Dopo più di un minuto, riprese, come controvoglia, con voce atona. “La mia colpa” disse “è di essere ancora qui. Questa è la mia colpa”.
Ancora qui?”.
“Avrei dovuto morire. Questa è la mia colpa”.
Intende dire che avrebbe dovuto morire, o che avrebbe dovuto avere il coraggio di morire?”.
“Può anche metterla così” disse in tono vago; sembrava stanco, ora.
Bè, lo dice adesso. Ma allora?”.
“Questo è vero” disse lentamente, forse fraintendendo volontariamente la mia domanda. “Ho avuto altri vent'anni - venti buoni anni. Ma, mi creda, adesso preferirei essere morto allora, anziché questo...” guardò attorno, nella piccola stanza della prigione.
“Non ho più speranza” disse poi, in tono di constatazione; e poi, sempre in tono pacato: “e comunque... basta così. Porterò a termine queste conversazioni con lei, e poi... che sia finita. Che sia finita”.

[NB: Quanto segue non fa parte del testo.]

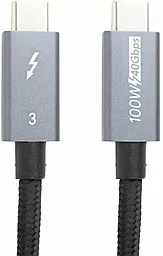 USB PD Кабель PowerPlant Thunderbolt3 40Gbps 20V 5A 4K USB Type-C - Type-C Cable Black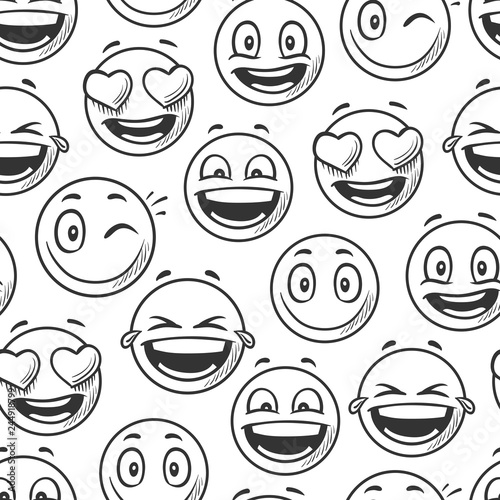 Positive smiling faces background, emoticons sketch line seamless pattern vector illustration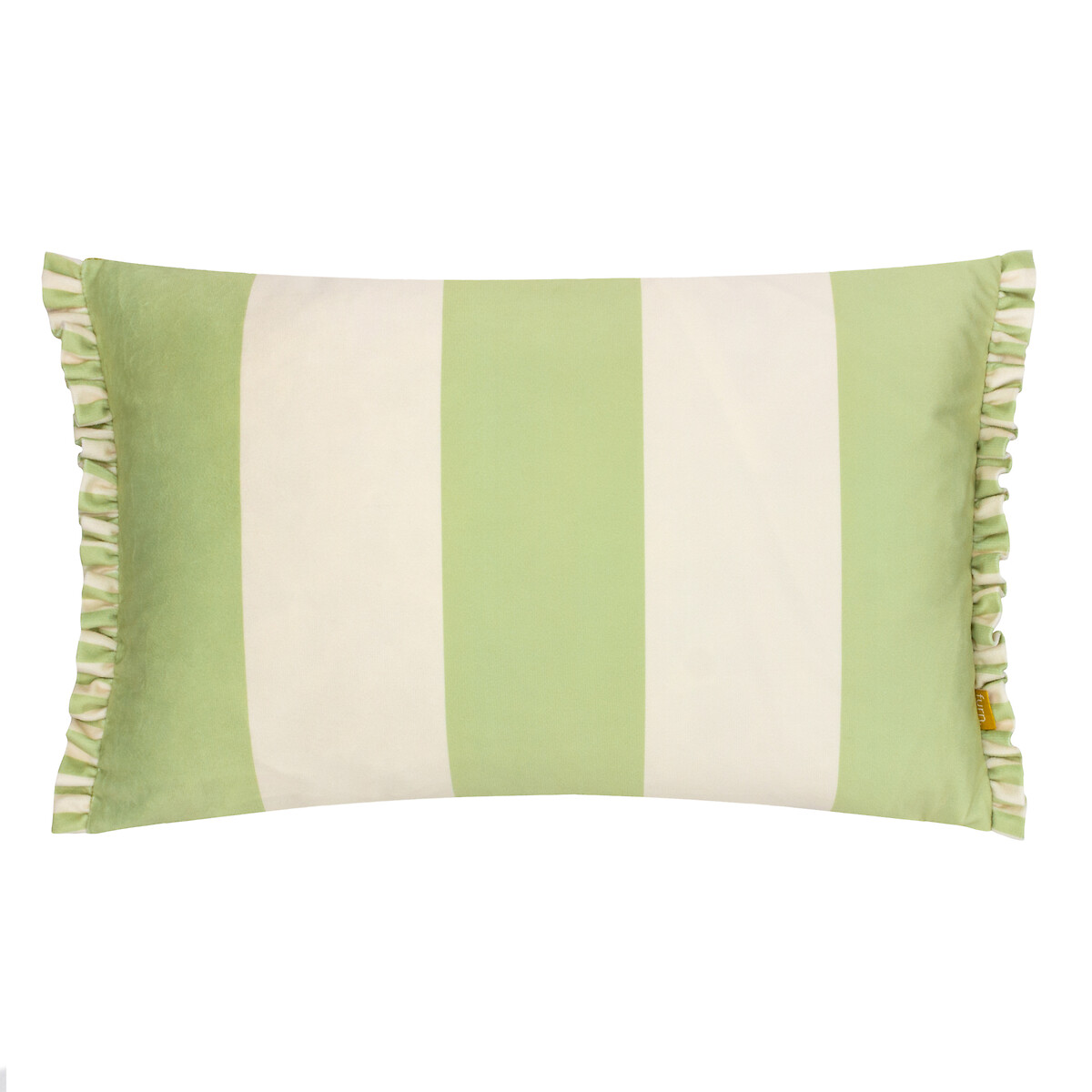 Araya Striped Velvet Cushion dark green/light green, FURN.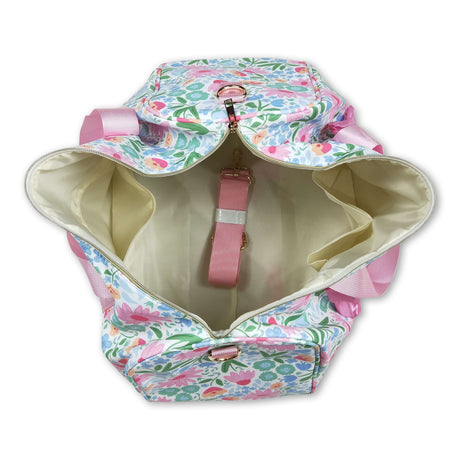 Pink ruffle band floral adult women duffel bag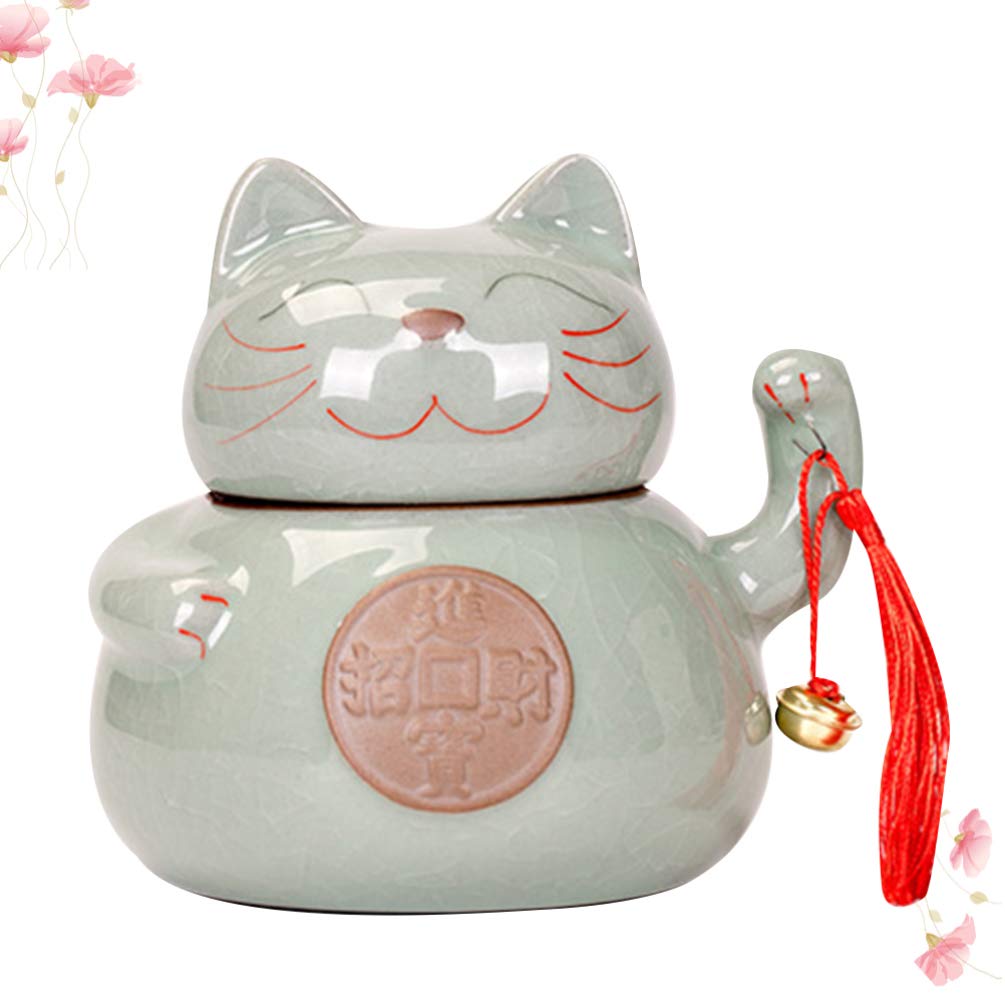 FOMIYES Maneki-Neko Ceramic Tea Storage Jar with Lid - Decorative Porcelain Canister for Loose Tea, Spices, Jewelry & Makeup | Perfect for Kitchen, Bathroom & Home Decor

Era finita. Mi alzai. Di solito, veniva una guardia per riaccompagnarlo alla cella; questa volta, poiché ci eravamo trattenuti assai più del solito, le istruzioni erano ch'egli scendesse con me fino all'entrata della prigione, di dove una guardia l'avrebbe riaccompagnato alla sua cella. Quando ci alzammo, diventò d'un tratto molto allegro, sembrava che ogni stanchezza gli fosse passata; mi aiutò a raccogliere le mie carte, e insisté per portare la tazza da caffè.
Quando arrivammo di sotto, restammo per un momento vicino alla porta, che mi fu aperta perché potessi uscire; lui sporse la testa fuori. “Che aria buona,” disse “me la faccia odorare un momento. Vorrei accompagnare la signora alla porta” disse alla guardia, che sorrise e premette il bottone che chiudeva elettronicamente la porta. Quando, all'esterno, lo salutai con un cenno, sorrise, e rispose al mio cenno. Erano da poco passate le cinque.
Stangl morì diciannove ore dopo, appena passato mezzogiorno del giorno dopo, lunedì, per un attacco di cuore. Non aveva visto nessuno, da quando l'avevo lasciato, tranne la guardia che gli aveva portato il carrello con la colazione...
Tutti quanti, me compresa, pensammo che avesse potuto suicidarsi, e pertanto l'autopsia cui fu sottoposto per legge il suo cadavere fu particolarmente accurata.
Non si era suicidato. Era malato di cuore, e sarebbe morto presto comunque. Ma io credo sia morto allora perché alla fine, sia pure per un momento, s'era messo di fronte a se stesso e aveva detto la verità; era stato uno sforzo ciclopico, per raggiungere quel momento fuggevole in cui era divenuto l'uomo che avrebbe dovuto essere.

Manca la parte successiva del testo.